● **Data supplied**

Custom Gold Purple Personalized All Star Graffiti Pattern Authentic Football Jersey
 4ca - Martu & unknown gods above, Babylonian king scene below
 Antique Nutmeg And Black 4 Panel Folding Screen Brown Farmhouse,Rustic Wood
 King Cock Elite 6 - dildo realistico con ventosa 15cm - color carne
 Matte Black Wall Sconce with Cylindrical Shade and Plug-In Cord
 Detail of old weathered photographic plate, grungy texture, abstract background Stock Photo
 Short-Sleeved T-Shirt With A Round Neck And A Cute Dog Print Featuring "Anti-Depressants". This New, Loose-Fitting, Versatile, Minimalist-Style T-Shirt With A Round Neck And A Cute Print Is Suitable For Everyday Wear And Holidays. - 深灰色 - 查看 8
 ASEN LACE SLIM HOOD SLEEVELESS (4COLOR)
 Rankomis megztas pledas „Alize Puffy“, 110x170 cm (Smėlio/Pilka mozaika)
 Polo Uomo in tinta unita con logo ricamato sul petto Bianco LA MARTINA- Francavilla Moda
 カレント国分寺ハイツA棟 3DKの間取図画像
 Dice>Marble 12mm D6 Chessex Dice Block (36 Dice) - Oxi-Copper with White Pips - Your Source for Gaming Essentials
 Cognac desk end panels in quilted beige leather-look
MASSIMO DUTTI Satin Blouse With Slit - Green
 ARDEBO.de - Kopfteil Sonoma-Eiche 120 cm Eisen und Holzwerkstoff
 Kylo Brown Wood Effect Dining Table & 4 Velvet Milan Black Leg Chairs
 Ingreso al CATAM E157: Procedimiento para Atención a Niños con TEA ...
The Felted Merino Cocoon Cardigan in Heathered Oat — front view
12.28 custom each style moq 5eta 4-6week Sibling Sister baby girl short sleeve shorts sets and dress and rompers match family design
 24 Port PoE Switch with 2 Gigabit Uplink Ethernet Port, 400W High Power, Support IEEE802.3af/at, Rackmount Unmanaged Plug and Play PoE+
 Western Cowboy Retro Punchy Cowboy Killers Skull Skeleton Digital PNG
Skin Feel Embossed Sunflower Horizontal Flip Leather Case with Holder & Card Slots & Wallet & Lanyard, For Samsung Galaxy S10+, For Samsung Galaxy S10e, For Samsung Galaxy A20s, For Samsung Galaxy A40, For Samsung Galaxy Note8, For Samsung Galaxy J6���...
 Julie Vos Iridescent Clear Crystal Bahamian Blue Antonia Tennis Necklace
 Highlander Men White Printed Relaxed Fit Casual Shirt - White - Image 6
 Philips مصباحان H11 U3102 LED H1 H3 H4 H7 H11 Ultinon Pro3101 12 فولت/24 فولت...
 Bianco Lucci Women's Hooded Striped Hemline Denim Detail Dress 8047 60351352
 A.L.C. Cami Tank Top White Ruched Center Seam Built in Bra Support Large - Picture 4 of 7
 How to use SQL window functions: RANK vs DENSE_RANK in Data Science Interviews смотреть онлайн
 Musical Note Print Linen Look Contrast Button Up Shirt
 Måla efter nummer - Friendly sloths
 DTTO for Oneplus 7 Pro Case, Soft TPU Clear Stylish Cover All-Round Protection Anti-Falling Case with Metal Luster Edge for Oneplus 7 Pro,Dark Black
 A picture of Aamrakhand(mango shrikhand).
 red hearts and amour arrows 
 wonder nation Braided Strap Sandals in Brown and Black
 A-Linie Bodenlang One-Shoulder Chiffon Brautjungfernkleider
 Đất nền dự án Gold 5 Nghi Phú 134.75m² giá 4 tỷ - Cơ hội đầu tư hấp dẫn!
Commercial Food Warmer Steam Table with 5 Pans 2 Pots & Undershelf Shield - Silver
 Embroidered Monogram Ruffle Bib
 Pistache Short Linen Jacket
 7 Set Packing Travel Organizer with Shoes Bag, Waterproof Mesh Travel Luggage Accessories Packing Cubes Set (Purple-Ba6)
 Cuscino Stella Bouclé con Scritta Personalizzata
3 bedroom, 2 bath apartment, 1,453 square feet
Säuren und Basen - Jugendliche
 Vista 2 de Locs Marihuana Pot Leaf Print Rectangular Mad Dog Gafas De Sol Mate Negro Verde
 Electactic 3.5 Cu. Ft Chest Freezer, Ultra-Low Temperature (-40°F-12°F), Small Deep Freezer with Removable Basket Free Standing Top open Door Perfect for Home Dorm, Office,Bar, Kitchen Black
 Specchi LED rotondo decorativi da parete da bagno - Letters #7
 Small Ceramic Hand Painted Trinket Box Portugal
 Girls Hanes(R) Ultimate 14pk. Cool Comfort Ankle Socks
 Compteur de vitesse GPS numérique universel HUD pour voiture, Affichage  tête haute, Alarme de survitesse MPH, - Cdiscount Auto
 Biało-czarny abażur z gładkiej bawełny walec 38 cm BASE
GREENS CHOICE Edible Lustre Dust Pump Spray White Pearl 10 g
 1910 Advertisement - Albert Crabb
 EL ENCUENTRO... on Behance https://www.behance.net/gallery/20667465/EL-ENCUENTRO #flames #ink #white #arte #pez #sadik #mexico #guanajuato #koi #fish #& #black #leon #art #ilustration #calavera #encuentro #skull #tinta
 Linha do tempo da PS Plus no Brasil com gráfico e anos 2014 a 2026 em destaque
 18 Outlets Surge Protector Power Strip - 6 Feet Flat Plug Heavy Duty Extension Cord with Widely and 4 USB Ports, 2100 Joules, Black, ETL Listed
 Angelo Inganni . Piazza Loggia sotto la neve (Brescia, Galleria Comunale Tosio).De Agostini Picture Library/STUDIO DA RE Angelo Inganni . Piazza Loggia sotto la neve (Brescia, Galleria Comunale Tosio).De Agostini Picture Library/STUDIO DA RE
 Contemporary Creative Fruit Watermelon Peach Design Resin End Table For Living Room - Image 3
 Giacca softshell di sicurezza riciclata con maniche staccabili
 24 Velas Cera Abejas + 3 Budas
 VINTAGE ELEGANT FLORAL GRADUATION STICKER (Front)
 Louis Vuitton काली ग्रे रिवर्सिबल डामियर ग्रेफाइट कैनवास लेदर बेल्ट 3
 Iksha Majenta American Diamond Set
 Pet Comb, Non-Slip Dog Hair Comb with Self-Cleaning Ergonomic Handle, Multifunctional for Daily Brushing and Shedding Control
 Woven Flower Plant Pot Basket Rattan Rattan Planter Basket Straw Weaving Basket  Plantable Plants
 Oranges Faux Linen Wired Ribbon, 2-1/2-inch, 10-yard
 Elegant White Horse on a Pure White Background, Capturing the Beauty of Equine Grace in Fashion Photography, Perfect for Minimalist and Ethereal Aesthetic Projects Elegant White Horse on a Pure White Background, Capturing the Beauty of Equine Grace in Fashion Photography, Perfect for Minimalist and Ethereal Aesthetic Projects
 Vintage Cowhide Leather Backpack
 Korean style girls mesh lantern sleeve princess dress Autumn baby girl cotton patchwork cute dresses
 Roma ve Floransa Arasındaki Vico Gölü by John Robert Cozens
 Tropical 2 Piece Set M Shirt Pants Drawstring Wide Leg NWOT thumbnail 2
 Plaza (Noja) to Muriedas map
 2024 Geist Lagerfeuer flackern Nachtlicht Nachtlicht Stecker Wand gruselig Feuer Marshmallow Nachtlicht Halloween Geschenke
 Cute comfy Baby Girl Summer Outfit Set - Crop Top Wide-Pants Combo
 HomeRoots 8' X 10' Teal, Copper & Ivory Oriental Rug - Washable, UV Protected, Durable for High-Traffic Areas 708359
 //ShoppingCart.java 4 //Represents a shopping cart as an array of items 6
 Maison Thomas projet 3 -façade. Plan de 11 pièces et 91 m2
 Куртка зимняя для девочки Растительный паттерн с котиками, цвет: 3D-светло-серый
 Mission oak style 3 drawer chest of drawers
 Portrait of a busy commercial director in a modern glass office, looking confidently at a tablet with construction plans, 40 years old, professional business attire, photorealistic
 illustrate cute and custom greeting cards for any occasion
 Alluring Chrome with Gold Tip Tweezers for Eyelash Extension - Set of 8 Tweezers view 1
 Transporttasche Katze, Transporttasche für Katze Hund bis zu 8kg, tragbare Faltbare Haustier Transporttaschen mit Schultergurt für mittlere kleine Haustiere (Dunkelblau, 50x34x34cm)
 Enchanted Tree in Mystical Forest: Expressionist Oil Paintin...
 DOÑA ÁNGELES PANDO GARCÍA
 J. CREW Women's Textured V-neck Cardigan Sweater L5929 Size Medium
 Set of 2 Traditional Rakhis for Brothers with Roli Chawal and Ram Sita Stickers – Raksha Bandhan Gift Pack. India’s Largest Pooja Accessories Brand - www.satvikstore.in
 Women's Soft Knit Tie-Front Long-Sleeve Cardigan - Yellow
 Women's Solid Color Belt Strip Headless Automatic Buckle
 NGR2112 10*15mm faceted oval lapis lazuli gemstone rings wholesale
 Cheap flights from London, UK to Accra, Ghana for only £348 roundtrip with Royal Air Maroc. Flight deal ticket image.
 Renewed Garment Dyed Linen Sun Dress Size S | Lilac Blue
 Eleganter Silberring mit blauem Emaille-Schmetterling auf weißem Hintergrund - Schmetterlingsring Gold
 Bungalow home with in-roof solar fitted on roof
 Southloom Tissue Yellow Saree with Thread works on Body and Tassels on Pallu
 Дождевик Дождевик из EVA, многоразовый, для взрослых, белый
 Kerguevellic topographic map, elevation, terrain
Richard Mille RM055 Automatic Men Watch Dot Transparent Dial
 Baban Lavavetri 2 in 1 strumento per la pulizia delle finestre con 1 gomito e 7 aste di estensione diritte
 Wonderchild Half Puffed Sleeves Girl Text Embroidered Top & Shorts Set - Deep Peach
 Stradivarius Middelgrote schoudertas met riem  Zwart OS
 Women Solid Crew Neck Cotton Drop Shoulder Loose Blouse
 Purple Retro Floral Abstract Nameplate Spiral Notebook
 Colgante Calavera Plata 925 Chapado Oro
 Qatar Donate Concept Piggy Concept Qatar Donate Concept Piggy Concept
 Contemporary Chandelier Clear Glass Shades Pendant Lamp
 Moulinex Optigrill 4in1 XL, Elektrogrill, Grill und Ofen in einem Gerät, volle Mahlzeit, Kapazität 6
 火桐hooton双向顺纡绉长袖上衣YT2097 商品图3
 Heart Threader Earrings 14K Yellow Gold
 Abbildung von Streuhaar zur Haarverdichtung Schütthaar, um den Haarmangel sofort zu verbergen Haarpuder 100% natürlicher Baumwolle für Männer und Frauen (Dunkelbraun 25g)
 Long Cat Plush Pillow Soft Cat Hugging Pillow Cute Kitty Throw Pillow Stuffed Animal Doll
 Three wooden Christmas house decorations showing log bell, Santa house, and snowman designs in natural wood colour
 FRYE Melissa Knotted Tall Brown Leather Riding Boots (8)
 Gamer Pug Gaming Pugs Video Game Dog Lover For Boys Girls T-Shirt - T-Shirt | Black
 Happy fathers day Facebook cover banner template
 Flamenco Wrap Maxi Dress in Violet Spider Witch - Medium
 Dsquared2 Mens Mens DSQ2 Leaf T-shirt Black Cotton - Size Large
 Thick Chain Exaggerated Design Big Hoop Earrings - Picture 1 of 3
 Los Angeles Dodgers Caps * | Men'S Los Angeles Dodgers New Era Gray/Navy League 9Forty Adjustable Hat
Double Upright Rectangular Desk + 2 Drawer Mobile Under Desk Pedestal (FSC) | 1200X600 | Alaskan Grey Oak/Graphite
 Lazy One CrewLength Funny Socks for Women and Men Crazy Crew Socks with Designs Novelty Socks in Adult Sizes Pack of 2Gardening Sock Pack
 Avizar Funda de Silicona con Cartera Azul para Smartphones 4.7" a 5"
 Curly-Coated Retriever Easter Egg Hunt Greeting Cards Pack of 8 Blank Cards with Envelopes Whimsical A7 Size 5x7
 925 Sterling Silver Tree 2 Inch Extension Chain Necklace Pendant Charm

● **The problem**
Write out, from the lines above, only those from the line with "Heart Threader Earrings 14K Yellow Gold" to the line with "Double Upright Rectangular", exactly as given, including the first and the last.

● **Expected answer**
 Heart Threader Earrings 14K Yellow Gold
 Abbildung von Streuhaar zur Haarverdichtung Schütthaar, um den Haarmangel sofort zu verbergen Haarpuder 100% natürlicher Baumwolle für Männer und Frauen (Dunkelbraun 25g)
 Long Cat Plush Pillow Soft Cat Hugging Pillow Cute Kitty Throw Pillow Stuffed Animal Doll
 Three wooden Christmas house decorations showing log bell, Santa house, and snowman designs in natural wood colour
 FRYE Melissa Knotted Tall Brown Leather Riding Boots (8)
 Gamer Pug Gaming Pugs Video Game Dog Lover For Boys Girls T-Shirt - T-Shirt | Black
 Happy fathers day Facebook cover banner template
 Flamenco Wrap Maxi Dress in Violet Spider Witch - Medium
 Dsquared2 Mens Mens DSQ2 Leaf T-shirt Black Cotton - Size Large
 Thick Chain Exaggerated Design Big Hoop Earrings - Picture 1 of 3
 Los Angeles Dodgers Caps * | Men'S Los Angeles Dodgers New Era Gray/Navy League 9Forty Adjustable Hat
Double Upright Rectangular Desk + 2 Drawer Mobile Under Desk Pedestal (FSC) | 1200X600 | Alaskan Grey Oak/Graphite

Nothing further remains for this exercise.